Database Design - A Complete Study
Part 3 - Structured Query Language
Written by Stéphane Richard (MystikShadows)
And here we are, the third and final part of this series. As promised, this document will cover everything you need to know in order to create, maintain, and query a database properly using the SQL (Structured Query Language) as it is implemented in the MySQL Database System. As such, this document will have a lot of theory to cover. I'll try to keep it as simple and as basic as I can while giving you all the syntaxes you'll need to cover all bases of Database Creation and administration.

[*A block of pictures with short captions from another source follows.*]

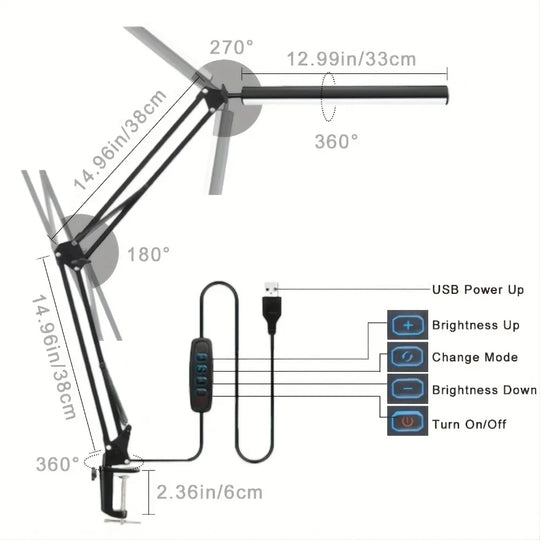 G Workspace LED Desk Lamp with Clamp Adjustable Workspace Light with Color Modes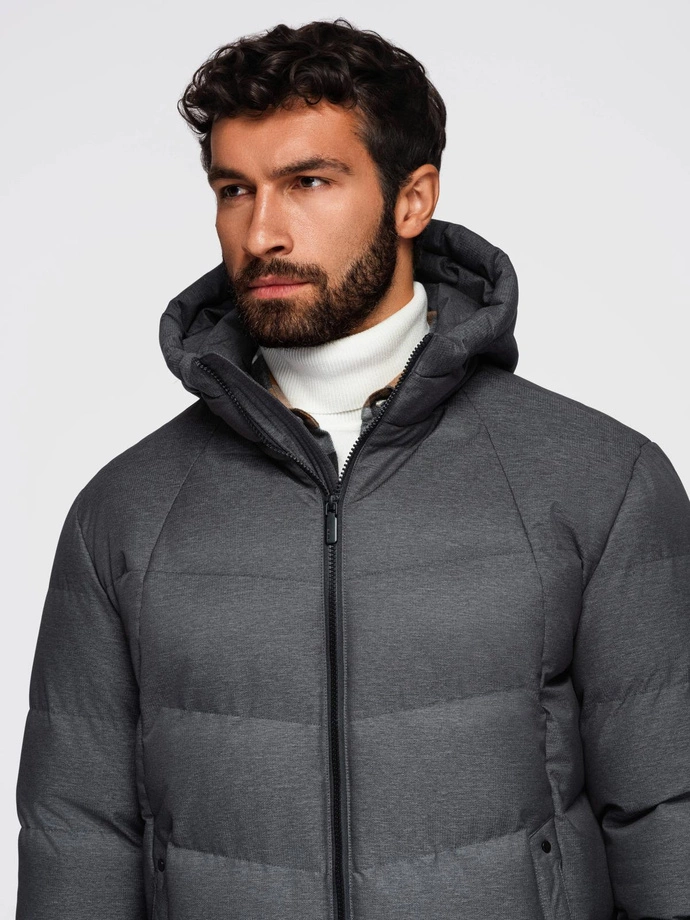 Men's long quilted jacket with hood - grey V2 OM-JALJ-0264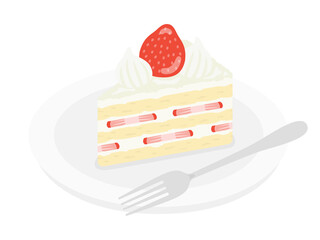 皿にのせたイチゴのショートケーキのイラスト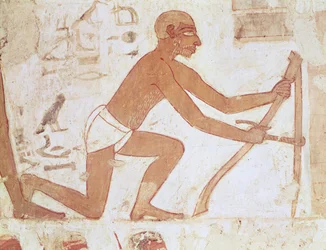 Construction of a Wall, Detail of a Man with a Hoe, from the Tomb of Rekhmire, Vizier of Tuthmosis III and Amenhotep II, New Kingdom (detail)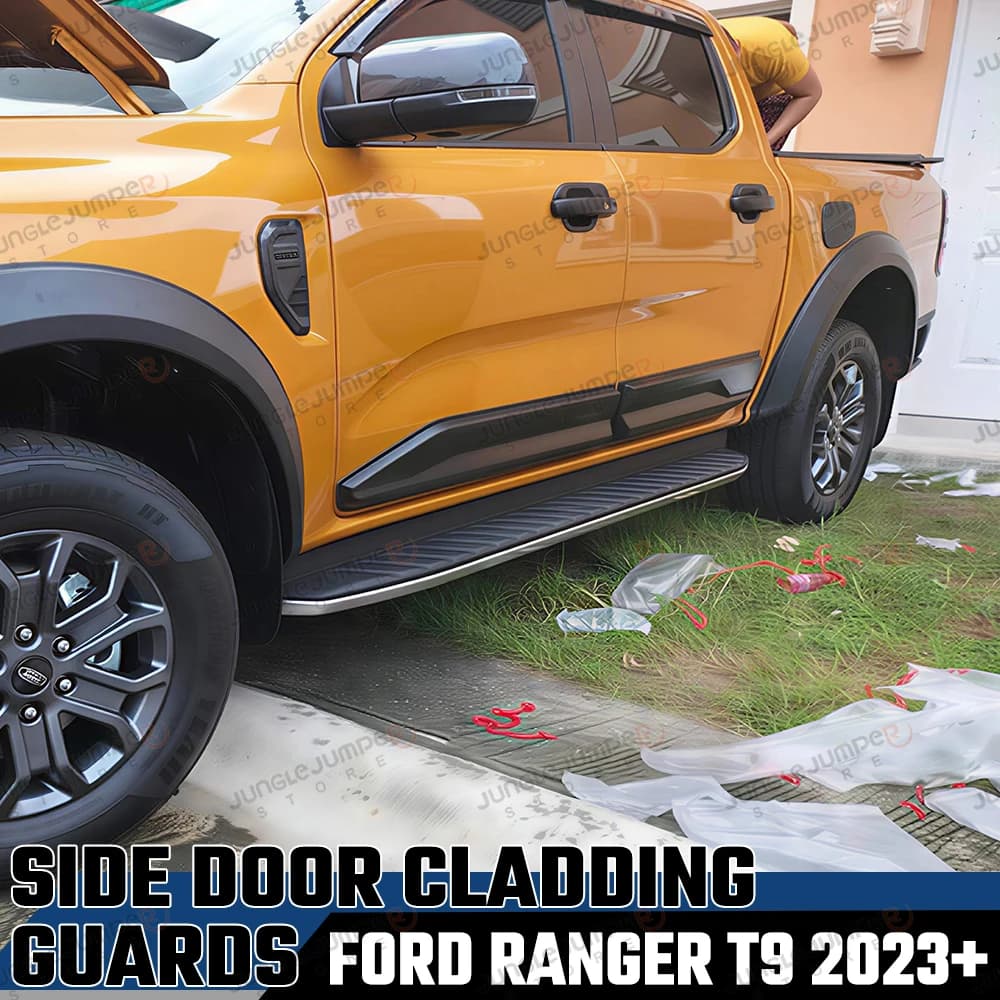 Side Door Cover Body Cladding For Ford Ranger Next-Gen T9 2023+Double Cab Protector Cover Trim Wildtrak XLT XLS Car Accessories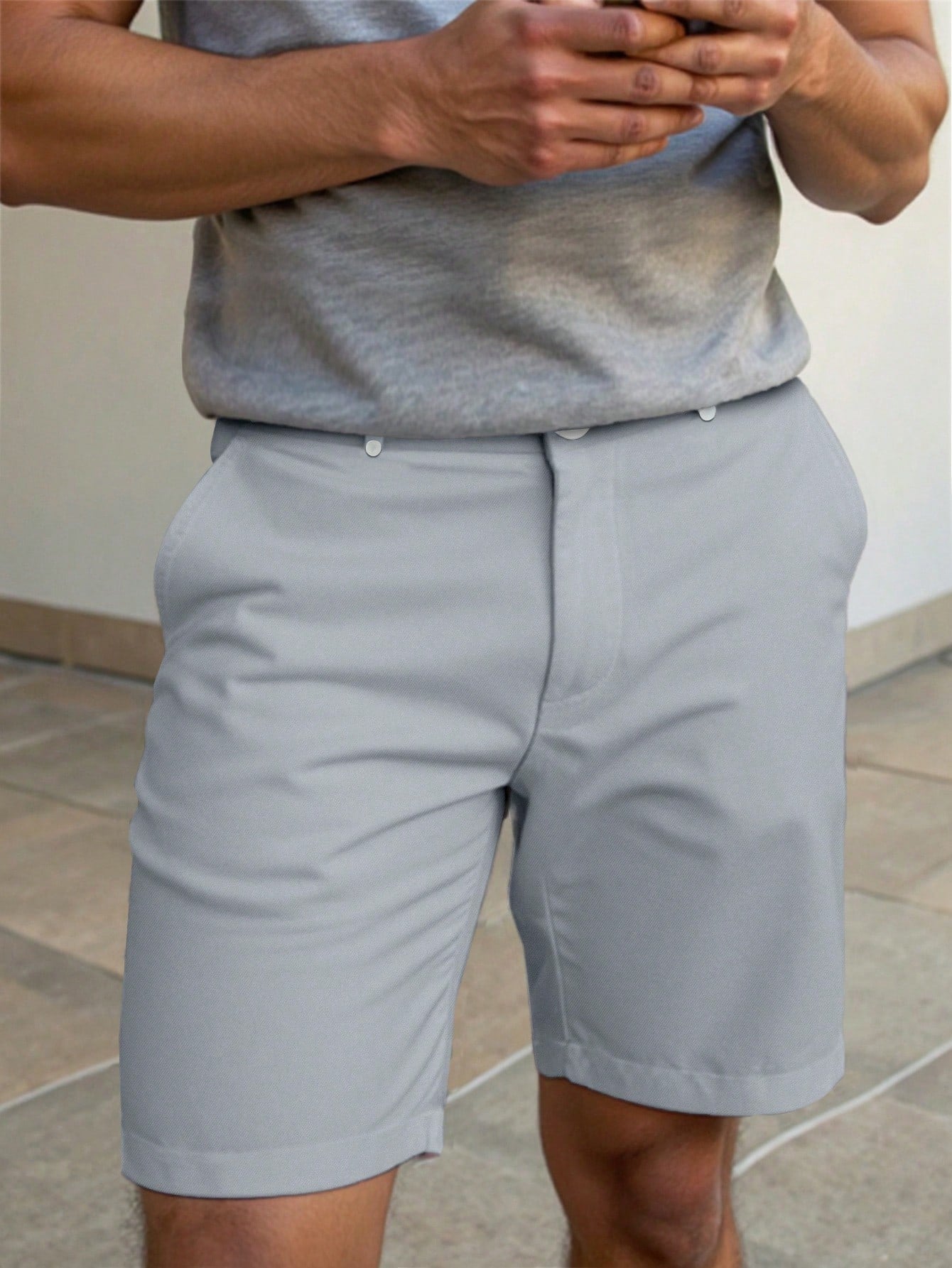 Shorts Masculino Cargo Casual Com Bolsos Funcionais Cinza / PP Shorts Masculino Cargo Casual Com Bolsos Funcionais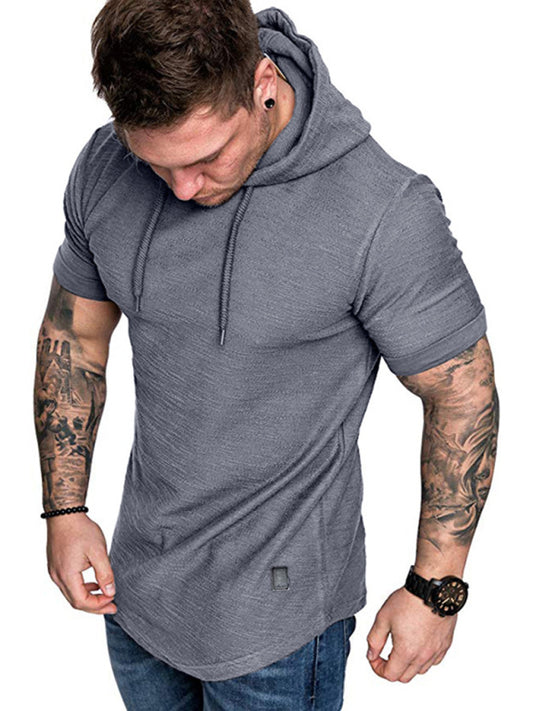 Short-sleeved T-shirt sports casual sweater men's hoodie - Serenity Land fashion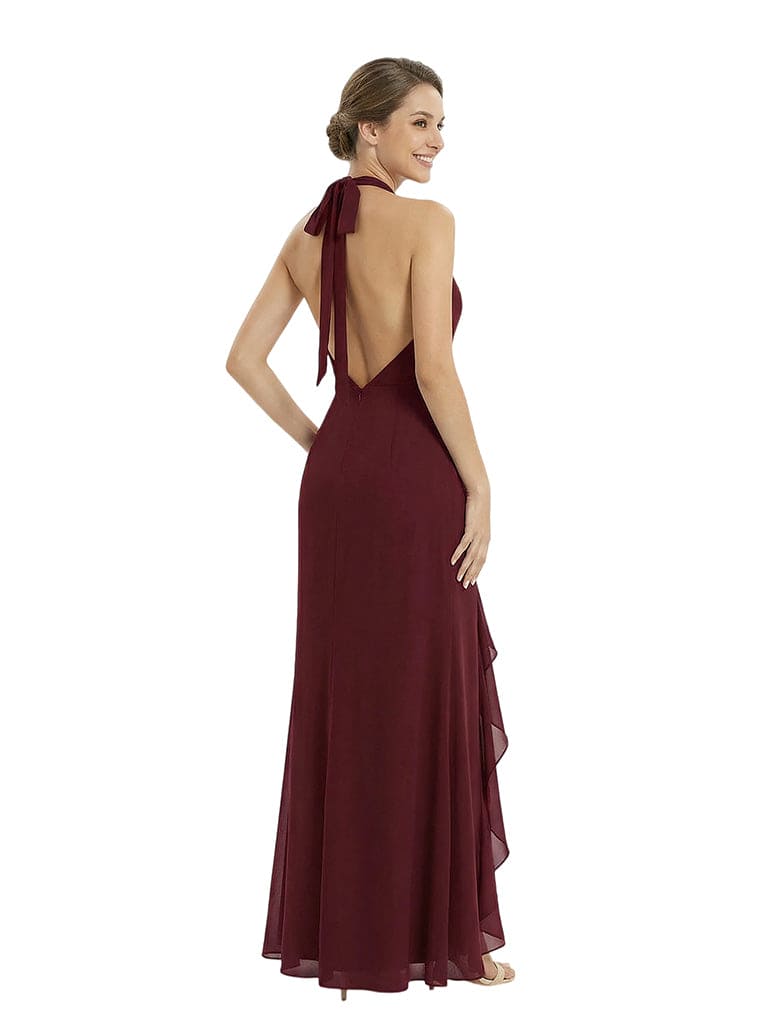 Modern Halter Neck Backless Mermaid Mother of The Bride Gown With Ruffle Slit
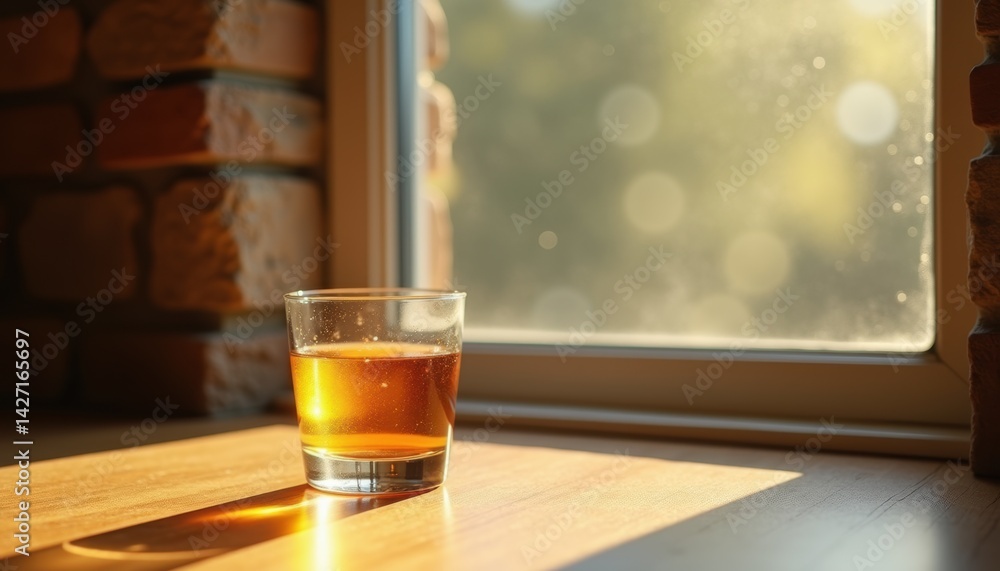 Glass of whiskey resting on a table by the window with sunlight Glass of whiskey resting on a table by the window with sunlight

Remember that the main reason I chose MySQL is because of it's resemblance to most other database systems out there. So what you learn here will help you alot if you have things to do in other database systems.
First we'll cover the theory of database creation constructs in SQL and why they are the way the are. Then we'll create scripts to create all the tables that we defined in the second part of this series including primary keys and indexes. And we'll continue with the explanation of the SQL syntax to insert, update, delete records from tables and well also see how to query the database to retreive the information you want and need. With all this, you should be equipped to create your own MySQL database projects. So then let's get right to it.
CREATING AND SELECTING A DATABASE:
This is among the simplest statements you'll need to remember. For the sake of this series we'll call our database Business. Now, the statement to create our database is defined as follows:
CREATE DATABASE <DatabaseName>;
There you go, pretty simple no? This statement alone will go about creating a database for you. Now once the database is created, you won't be able to do anything with it unless you are using the database first. It's important to remember the semicolon ";" at the end of the SQL statement. Most statements in MySQL (and other SQL implementation) use this ; to indicate the end of a complete SQL construct. So put that in your brain right off the start. Next thing you need to know of course is how to use the database you just created. Here's the statement that will do just that:
There you have it, it's that simple. This will make sure that the database is in use and ready to be used. You might notice that I didn't put a semicolon here. the USE statement is one of the rare statement that doesn't need a ; to complete it's construct. You could put one of you wanted to but it is not mandatory. Now for the purpose of our series. Here is the code you'll need to create and the use the Business database:
CREATE DATABASE Business; USE Business
With these two statements, Business is now created, used, and ready for action. It's really as simple as that. The good thing about SQL, as you'll discover here is that it's pretty close to the english language and as such, pretty easy to understand.
MYSQL DATA TYPE REVIEW:
Before we go ahead and create our tables, I think it's important to review the data types we have available to us when defining our table structures. There are quite a few of them to allow for a greater flexibility and accuracy in our field definitions. So let's review them here:
- CHAR(Length) and VARCHAR(Length):
These are the text data types. CHAR(Length) is there for the text fields that will always need the same amount of characters. For example, Social Insurance Numbers always have 9 digits, and so on. VARCHAR(Length) are provided for those fields which may vary in length for whichever reason. For example, Names, descriptions and so on.
- BOOLEAN data types:
This data type serves to indicate fields that can be represented as TRUE (1) or FALSE (0) (these constant are available in MySQL and most other database system) so you can use either the number or the TRUE or FALSE constant when comparing these fields.
- BIT(Length) data type:
This data type offers the ability to specify it's values at the bit level. It is a binary datatype that can be of any length specified. Therefore if you define a field a BIT(4) you can set it's value to anything from "0000" to "1111" in binary (0s and 1s only). This is useful for fields that will play the role of flags to setup a given module of a program for example.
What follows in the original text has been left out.